# Penetrating oils



## JustCliff

A friend of mine posted this on another site. Thought it was useful.

Machinist's Workshop magazine recently published some information on various penetrating oils. The magazine reports they tested penetrates for break out torque on rusted nuts. They arranged a subjective test of all the popular penetrates with the control being the torque required to remove the nut from a "scientifically rusted" environment.

*Penetrating oils ........... Average torque load to loosen*
No Oil used ................... 516 pounds
WD-40 ..................... ... 238 pounds
PB Blaster .................... 214 pounds
Liquid Wrench ...............127 pounds
Kano Kroil .................... 106 pounds
ATF*-Acetone mix............53 pounds

The ATF-Acetone mix is a "home brew" mix of 50 - 50 automatic transmission fluid and acetone.
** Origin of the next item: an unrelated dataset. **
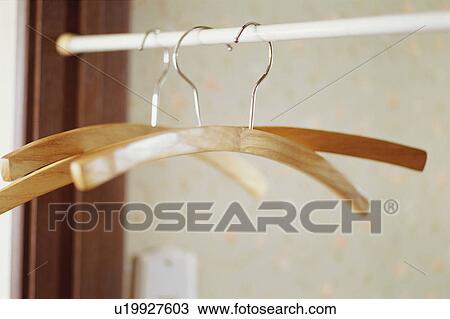 Stock Image - Hangers in closet. Fotosearch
The study did not specify any specific type of ATF.


----------



## Cast-Iron

Interesting find! The ATF-Acetone mix appears to work much better than any of those higher priced alternatives. I would like to give this a try the next time the need arises. Like a wise old man once told me, "If you watch the pennies the dollars take care of themselves". Thanks for sharing JC!


----------



## cowboyhermit

Interesting test, wonder why they didn't try diesel or a diesel mix, that gets used a lot when you want something cheap and in volume.

The other thing to consider is what is in that stuff, especially if you are going to get it all over your skin or apply a torch to it. I still use a lot of WD-40, it is cheap by the gallon and works for many different things, but I rarely bother with the more specific products these days. Maybe I will mix up some of that home-brew and give it a shot.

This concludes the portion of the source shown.